This followed Kazakhstan's application submitted by the country's Minister of Foreign Affairs Yerzhan Kazykhanov to the Secretary General of the Council of Europe Thorbjorn Jagland during his visit to Astana on October 11.

The membership in the Commission will give an additional impetus to a greater cooperation between Kazakhstan and the Council of Europe. It will also serve as a catalyst for the country's further enhancement of effective public administration based on the principles and standards of democracy, human rights, and the rule of law.
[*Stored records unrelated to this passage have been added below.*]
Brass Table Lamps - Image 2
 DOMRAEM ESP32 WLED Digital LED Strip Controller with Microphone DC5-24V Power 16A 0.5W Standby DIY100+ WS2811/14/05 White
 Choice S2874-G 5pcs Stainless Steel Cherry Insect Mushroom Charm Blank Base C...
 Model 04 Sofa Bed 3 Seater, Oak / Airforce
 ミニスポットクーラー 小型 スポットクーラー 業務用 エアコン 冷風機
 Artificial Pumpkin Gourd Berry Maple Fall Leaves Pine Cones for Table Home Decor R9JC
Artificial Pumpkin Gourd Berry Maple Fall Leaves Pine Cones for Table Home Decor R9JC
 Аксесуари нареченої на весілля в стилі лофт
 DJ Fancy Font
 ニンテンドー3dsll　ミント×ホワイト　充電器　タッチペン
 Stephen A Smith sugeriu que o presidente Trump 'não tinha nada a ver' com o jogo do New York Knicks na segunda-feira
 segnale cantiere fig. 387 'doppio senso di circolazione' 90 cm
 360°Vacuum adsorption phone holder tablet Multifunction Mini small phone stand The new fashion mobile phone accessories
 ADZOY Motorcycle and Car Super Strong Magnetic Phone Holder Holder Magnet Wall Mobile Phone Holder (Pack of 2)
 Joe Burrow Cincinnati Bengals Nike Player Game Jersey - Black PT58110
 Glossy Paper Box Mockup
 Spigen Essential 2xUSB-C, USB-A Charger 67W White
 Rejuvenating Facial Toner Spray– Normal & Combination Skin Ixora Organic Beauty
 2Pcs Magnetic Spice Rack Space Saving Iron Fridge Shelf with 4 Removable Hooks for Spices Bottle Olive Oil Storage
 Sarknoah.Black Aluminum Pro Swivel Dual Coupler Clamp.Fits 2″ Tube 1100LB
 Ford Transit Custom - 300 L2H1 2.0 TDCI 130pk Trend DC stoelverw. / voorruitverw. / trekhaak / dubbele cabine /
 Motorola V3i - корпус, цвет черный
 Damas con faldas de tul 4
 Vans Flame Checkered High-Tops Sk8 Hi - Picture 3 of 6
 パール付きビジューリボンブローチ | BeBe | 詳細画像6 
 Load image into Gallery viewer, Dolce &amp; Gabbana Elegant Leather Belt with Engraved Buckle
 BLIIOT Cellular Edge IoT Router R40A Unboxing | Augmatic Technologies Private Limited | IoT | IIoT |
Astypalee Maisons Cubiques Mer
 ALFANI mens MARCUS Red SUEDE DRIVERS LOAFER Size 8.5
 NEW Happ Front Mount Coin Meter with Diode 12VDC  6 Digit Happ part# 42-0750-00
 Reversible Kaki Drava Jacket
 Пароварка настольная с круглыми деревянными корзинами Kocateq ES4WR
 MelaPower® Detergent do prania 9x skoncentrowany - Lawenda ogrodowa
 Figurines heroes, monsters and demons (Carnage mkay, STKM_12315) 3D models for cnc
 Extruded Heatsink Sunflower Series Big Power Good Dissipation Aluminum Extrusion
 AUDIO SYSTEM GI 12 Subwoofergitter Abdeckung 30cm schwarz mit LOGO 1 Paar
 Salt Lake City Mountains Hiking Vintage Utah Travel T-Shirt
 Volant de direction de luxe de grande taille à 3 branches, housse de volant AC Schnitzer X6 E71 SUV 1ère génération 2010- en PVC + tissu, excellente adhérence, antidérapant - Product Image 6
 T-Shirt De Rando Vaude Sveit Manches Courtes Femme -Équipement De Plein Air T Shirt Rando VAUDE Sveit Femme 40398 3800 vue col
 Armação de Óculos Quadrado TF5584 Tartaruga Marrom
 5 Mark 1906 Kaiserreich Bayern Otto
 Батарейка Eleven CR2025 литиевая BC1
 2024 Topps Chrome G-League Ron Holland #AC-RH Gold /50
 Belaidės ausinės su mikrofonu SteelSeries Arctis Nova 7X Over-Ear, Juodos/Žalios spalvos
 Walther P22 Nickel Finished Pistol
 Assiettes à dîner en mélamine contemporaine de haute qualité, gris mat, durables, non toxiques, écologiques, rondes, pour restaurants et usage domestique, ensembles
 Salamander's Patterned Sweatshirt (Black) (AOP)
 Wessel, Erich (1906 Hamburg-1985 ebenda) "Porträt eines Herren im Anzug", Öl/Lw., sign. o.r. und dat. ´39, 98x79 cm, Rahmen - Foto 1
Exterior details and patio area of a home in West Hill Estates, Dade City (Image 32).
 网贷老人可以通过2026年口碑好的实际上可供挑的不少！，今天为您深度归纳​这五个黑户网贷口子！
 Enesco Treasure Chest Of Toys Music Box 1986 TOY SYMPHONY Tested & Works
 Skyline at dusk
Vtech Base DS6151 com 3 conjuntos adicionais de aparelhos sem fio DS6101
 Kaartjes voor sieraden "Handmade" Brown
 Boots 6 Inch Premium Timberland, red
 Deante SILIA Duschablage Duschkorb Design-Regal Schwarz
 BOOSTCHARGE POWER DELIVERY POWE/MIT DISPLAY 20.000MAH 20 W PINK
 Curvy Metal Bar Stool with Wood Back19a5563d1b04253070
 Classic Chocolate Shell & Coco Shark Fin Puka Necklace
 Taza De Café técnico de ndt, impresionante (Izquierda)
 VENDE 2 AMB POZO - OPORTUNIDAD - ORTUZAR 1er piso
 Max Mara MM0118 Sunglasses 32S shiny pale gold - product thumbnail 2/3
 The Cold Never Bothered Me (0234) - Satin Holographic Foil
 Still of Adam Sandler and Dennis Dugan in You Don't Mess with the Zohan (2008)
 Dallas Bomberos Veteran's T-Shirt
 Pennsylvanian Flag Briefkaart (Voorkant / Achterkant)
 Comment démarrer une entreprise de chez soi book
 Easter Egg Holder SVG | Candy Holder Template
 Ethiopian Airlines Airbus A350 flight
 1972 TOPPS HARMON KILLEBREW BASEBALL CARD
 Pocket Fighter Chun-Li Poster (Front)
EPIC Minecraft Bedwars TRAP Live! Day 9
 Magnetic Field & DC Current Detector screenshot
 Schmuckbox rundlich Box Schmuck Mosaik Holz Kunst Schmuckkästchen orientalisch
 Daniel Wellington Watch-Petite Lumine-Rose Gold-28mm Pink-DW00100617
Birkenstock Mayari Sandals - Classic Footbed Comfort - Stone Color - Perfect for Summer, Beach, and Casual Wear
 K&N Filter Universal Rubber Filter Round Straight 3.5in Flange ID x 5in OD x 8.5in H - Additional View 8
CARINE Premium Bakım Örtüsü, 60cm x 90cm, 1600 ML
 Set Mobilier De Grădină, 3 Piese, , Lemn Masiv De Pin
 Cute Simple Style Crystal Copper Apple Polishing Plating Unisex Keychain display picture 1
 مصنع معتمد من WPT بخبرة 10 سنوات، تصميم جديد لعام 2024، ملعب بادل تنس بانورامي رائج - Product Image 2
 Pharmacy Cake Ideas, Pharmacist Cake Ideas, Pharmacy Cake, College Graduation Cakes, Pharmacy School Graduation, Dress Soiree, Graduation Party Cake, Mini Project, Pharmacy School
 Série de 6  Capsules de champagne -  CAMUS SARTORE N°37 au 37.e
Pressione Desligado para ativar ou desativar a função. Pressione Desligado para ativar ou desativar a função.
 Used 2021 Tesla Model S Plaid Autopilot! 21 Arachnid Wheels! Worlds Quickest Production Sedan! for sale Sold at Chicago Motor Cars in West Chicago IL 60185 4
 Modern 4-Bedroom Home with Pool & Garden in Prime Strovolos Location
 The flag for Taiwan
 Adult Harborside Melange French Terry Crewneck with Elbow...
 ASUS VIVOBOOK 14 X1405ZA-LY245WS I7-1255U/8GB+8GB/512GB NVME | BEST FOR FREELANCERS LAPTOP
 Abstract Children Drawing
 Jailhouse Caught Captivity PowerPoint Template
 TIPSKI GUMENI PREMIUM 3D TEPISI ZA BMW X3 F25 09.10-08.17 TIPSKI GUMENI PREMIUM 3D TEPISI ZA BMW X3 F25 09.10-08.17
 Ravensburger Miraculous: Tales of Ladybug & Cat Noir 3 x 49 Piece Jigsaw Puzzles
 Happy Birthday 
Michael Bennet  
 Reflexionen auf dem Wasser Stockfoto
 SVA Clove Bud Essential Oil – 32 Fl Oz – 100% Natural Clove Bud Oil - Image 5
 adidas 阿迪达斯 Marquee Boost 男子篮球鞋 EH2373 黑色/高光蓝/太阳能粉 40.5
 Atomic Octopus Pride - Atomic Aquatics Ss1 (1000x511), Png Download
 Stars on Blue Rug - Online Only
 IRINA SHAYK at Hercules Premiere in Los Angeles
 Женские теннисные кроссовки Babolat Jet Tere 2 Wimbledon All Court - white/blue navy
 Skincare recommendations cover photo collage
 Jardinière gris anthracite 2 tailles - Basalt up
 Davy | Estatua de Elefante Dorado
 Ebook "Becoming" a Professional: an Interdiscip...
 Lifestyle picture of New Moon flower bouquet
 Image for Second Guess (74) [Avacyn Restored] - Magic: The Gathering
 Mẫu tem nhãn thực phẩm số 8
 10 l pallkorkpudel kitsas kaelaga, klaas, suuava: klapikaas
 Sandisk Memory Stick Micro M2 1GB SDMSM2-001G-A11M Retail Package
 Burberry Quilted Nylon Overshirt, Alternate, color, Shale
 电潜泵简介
For Kazakhstan to become a full member of the Venice Commission the country now has to fulfill internal legal procedures and then submit an instrument of accession to the Secretary General of the Council of Europe.

Kazakhstan has been cooperating with the Council of Europe and its institutions since 1997. Previously as an observer-country at the Venice Commission, Kazakhstan's Constitutional Council and other law enforcement bodies have been actively interacting with the Commission seeking its expert and methodological assistance in the process of reforming legal institutions of Kazakhstan.

In 2007, the cooperation between Kazakhstan and the Venice Commission resulted in a report on the issues of transforming and developing the Office of the Human Rights Commissioner of Kazakhstan, and in 2009 in the form of an expert report on the Customs Union based on the analysis of national legislation.

The new membership will also provide a platform for a constant exchange of information and opinions on urgent issues of constitutional control execution during conferences, round tables, seminars, periodicals, etc.

The Venice Commission is an advisory body of the Council of Europe, composed of independent experts in the field of constitutional law. It was created in 1990 after the fall of the Berlin wall, at a time of urgent need for constitutional assistance in Central and Eastern Europe. Initially conceived as a tool for emergency constitutional engineering, the Venice Commission has become an internationally recognized independent legal think-tank. Today it contributes to the dissemination of the European constitutional heritage, based on the continent's fundamental legal values while continuing to provide "constitutional first-aid" to individual states. The Commission has 58 full members.